As we go on with our lives, sometimes our negative thoughts can be so triggering that our mental health gets shattered to pieces. That’s why many people, diagnosed with different mental illnesses, may decide to remain “in the world between.” Depending on their circumstances, in reality, that world can either be a comfort or a misery. And although Kafka, in his case, makes a choice, many of us, in reality, do not have the same luxury.

And then there is Mrs. Saeki’s mysterious story. Apparently, she lost her lover in her early twenties, at a time when she sought much more from life. Ever since, Oshima explains that her spirit has left her body, and that what we see and hear from her is only a manifestation of her mortal body but not her soul. This is a metaphor for the lives that people lead when they’ve lost their meaning, or they’re still searching for one.

“A search for meaning” seems to be the most important thing for young individuals nowadays. There is so much pressure behind the notion that we can really achieve anything we want to, that sometimes with all the freedom that is preached to us, we remain utterly lost and under the pressure of so many choices. This process can be very painful if people fail to find glimpses of passion and willingness. The scenario for these failed attempts is presented to us daily through what we know as depression.

 

The Lifetime Lessons

There are so many hidden meanings behind this extraordinary book. Really, even descriptive words can be underrated when referring to Murakami’s work. That explains why shortly after “Kafka on the Shore” was released, Murakami’s Japanese publishers launched a website soliciting clarifying questions about the novel from its readers. The feedback and interest were immense, and Murakami did reply to many of the questions. Murakami describes the “shore” in “Kafka on the Shore” as the border between the conscious and the unconscious minds.

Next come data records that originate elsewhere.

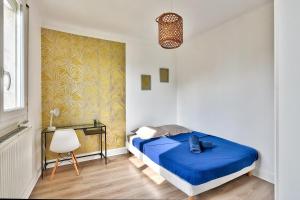 Appartement de charme, proche de toutes commonidités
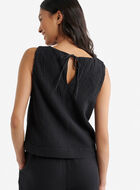 Camisole en gaze de coton Isla
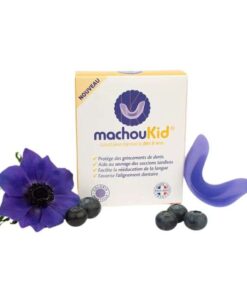 MACHOU KID GOUTTIERE DENTAIRE DES 6 ANS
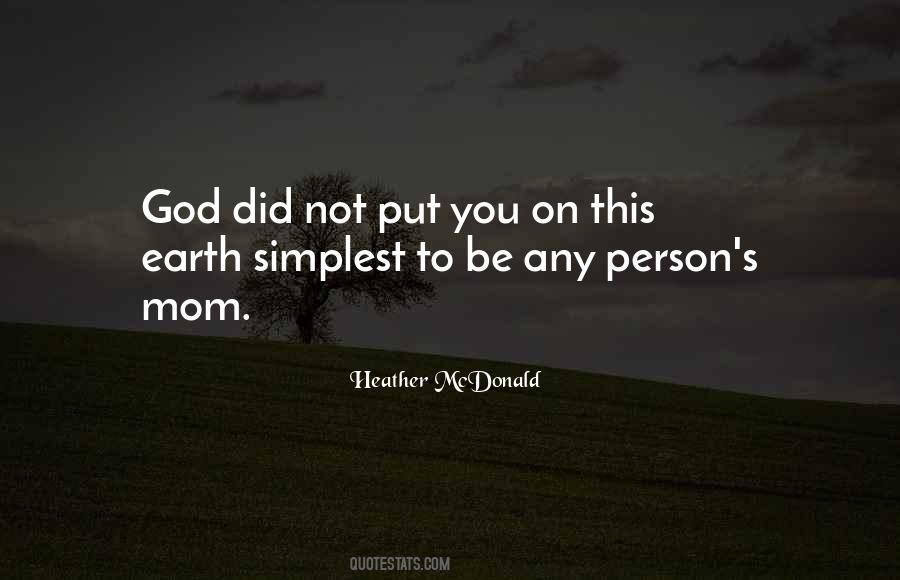 Heather Mcdonald Quotes #775013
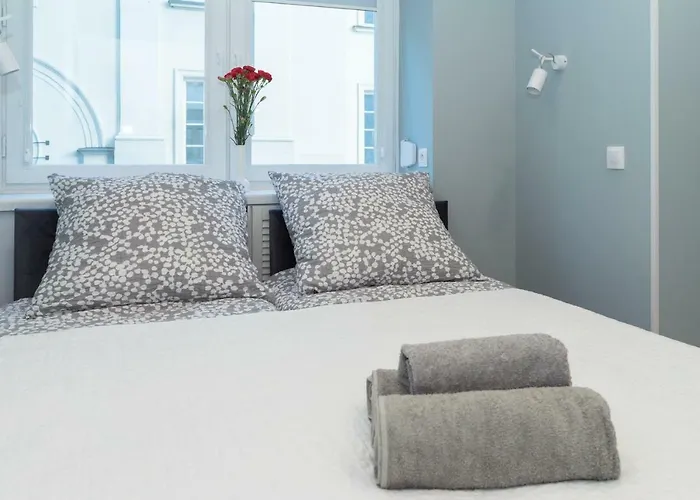 Old Town Grand Theatre 2 Apartment Warsaw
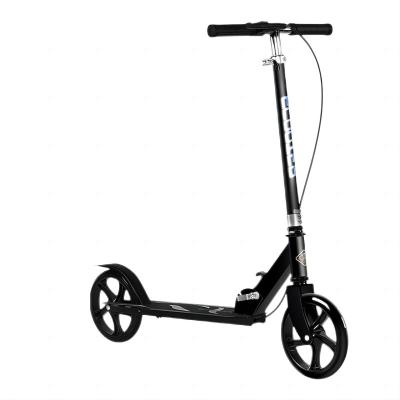 China Youth Outdoor Foldable Handbrake Adult Scooter for sale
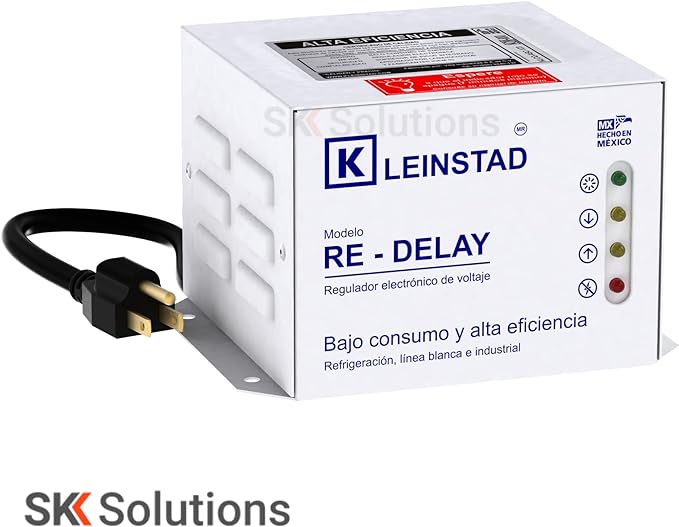 Kleinstad Regulador De Voltaje 2500VA/1500W (línea Blanca)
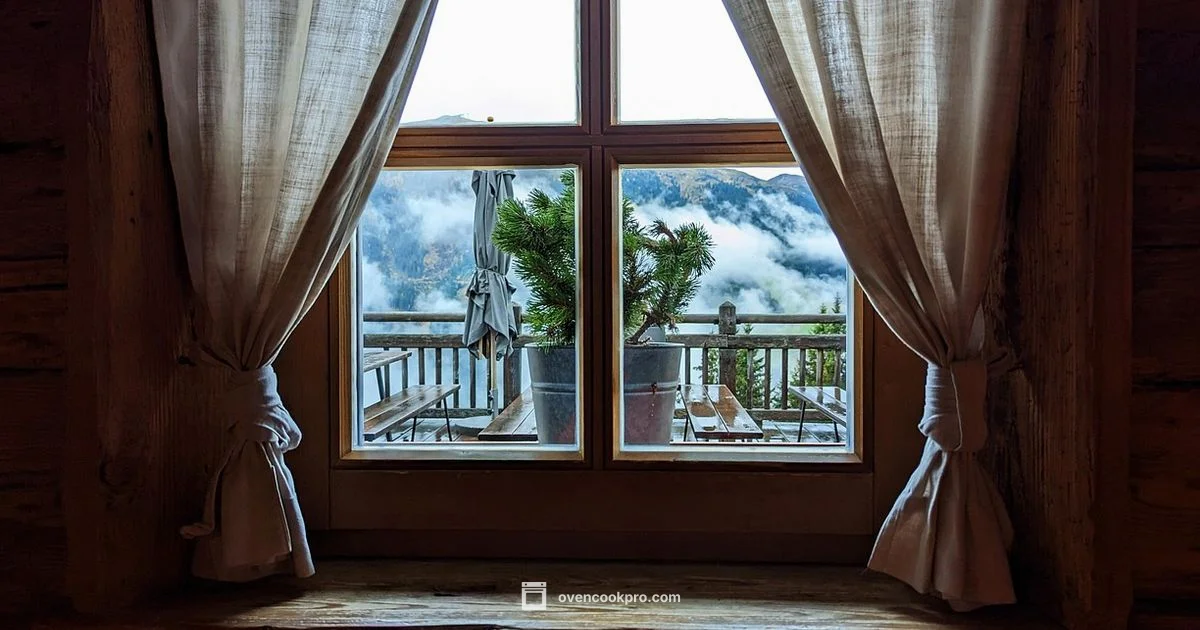 Ovens Before Electricity - Oven Cook Pro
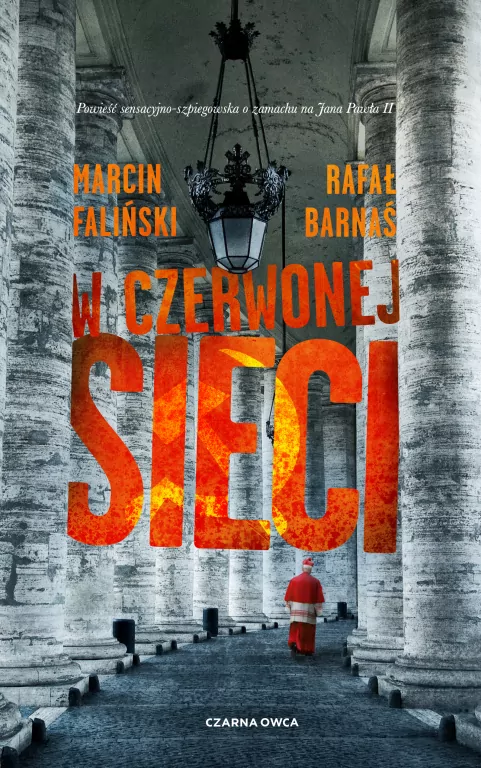 W czerwonej sieci - tantis.pl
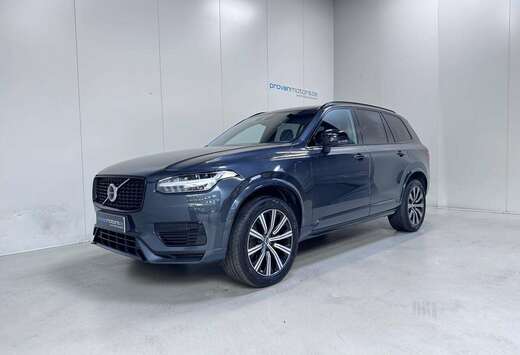 Volvo 2.0 Hybrid t8 Recharge - 7pl- GPS - Topstaat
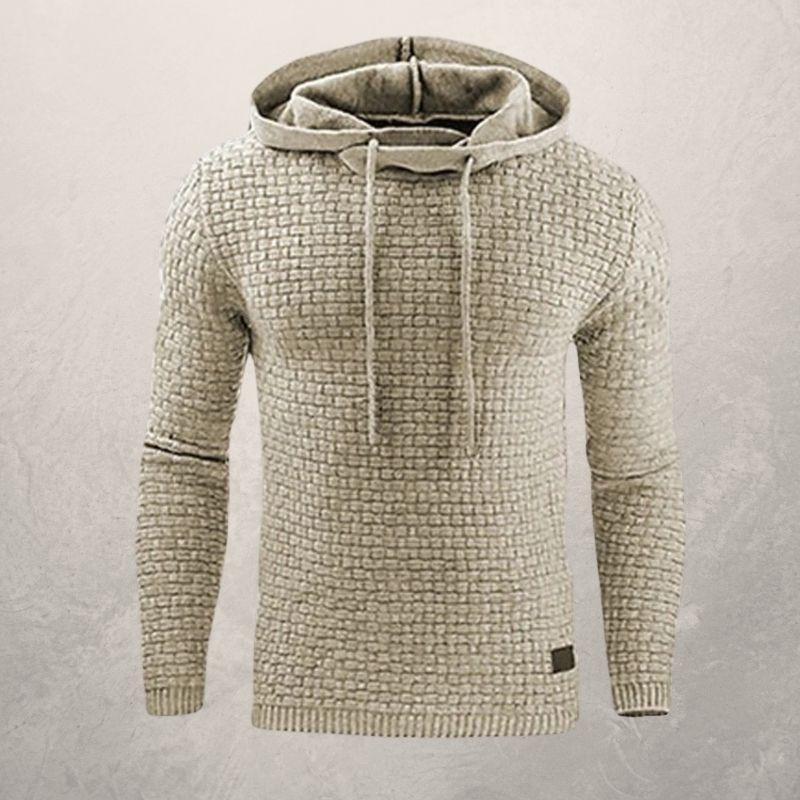 Loyal Trui | Sportieve design hoodie voor heren
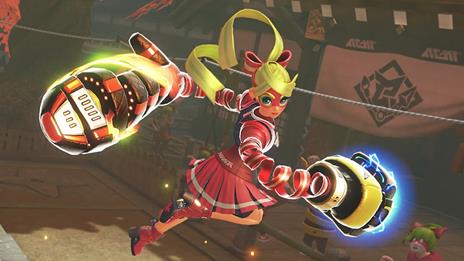 Nintendo Arms, Switch Standard Nintendo Switch - 5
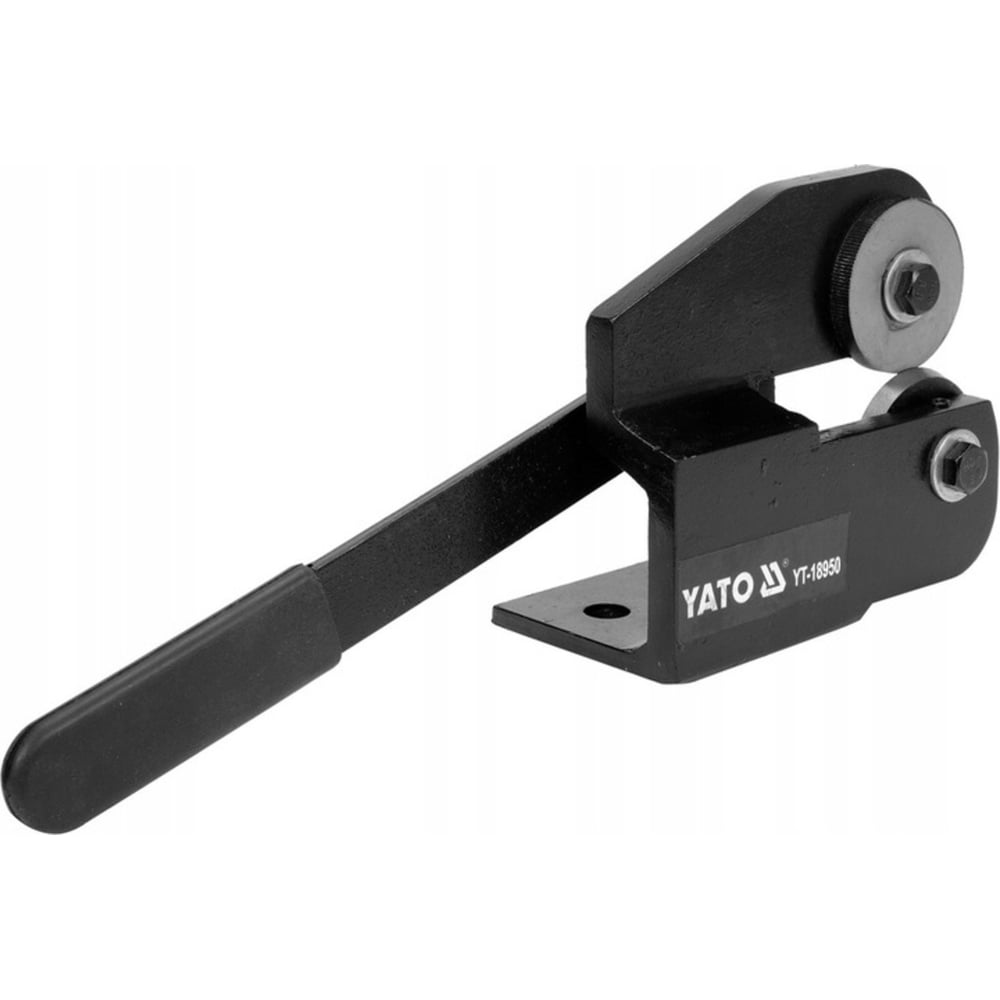 Изображение товара Профессиональные дисковые ножницы для резки металла YATO YT-18950
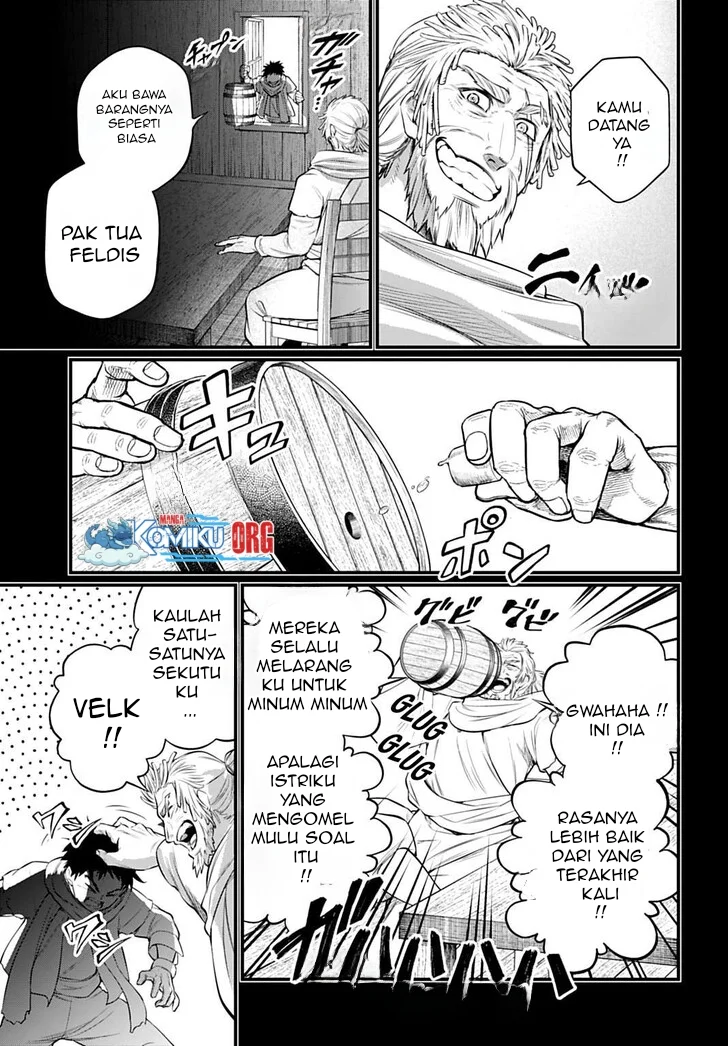 Shuumatsu no Valkyrie Chapter 112 Gambar 32
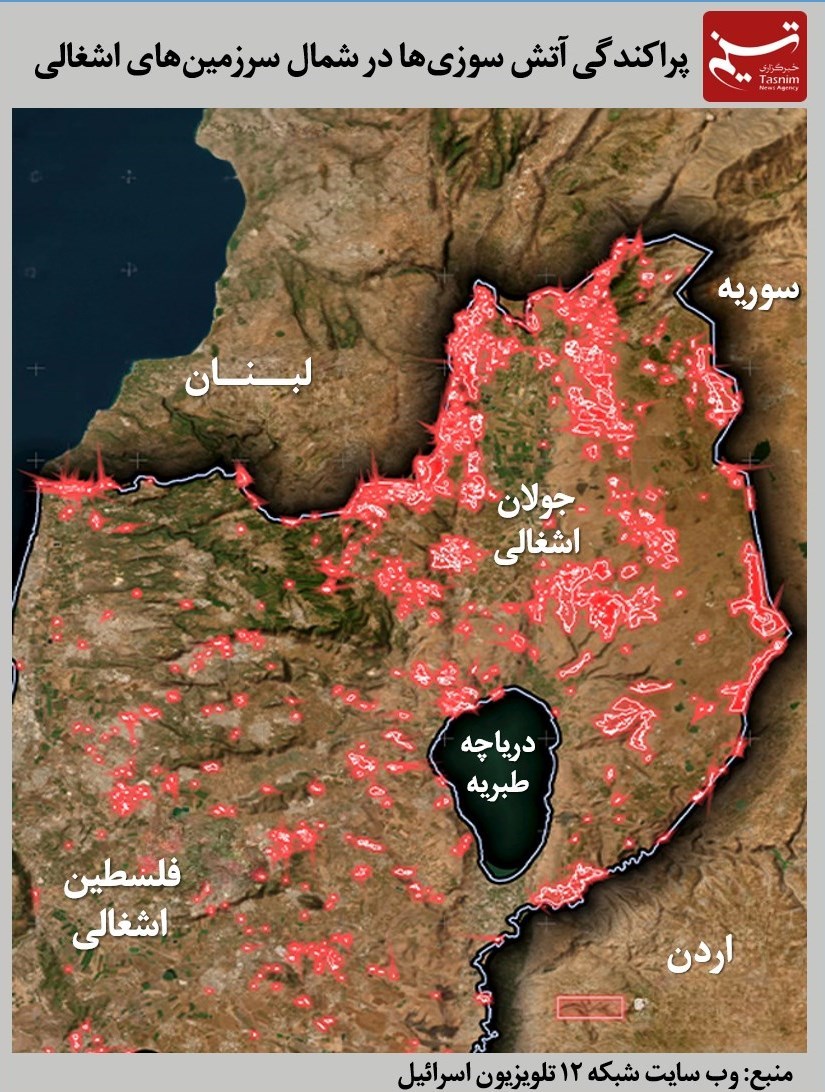 جولان اشغالی , حزب الله لبنان ,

“It’s a story of two different worlds, consciousness and unconsciousness. Most of us are living in those two worlds, one foot in one or the other, and all of us are living on the borderline. That’s my definition of human life”, he observes.

This can well be understood right at the beginning of this book, as we mentioned, with the inner voice of Kafka, the boy named Crow, as he unpacks the ways through which Kafka should confront his unconsciousness.

“The storm is you. Something inside of you. So all you can do is give in to it, step right inside the storm, closing your eyes and plugging up your ears, so the sand doesn’t get in, and walk through it, step by step. There’s no sun there, no moon, no direction, no sense of time. Just fine white sand swirling up into the sky like pulverized bones. That’s the kind of sandstorm you need to imagine.”

One can find this paragraph and all the novel so relatable that it will make you reflect and want to read all the rest of Murakami that there is. Or, at a minimum, it will make you re-read this masterpiece. And the result will be highly rewarding, with lessons for a lifetime!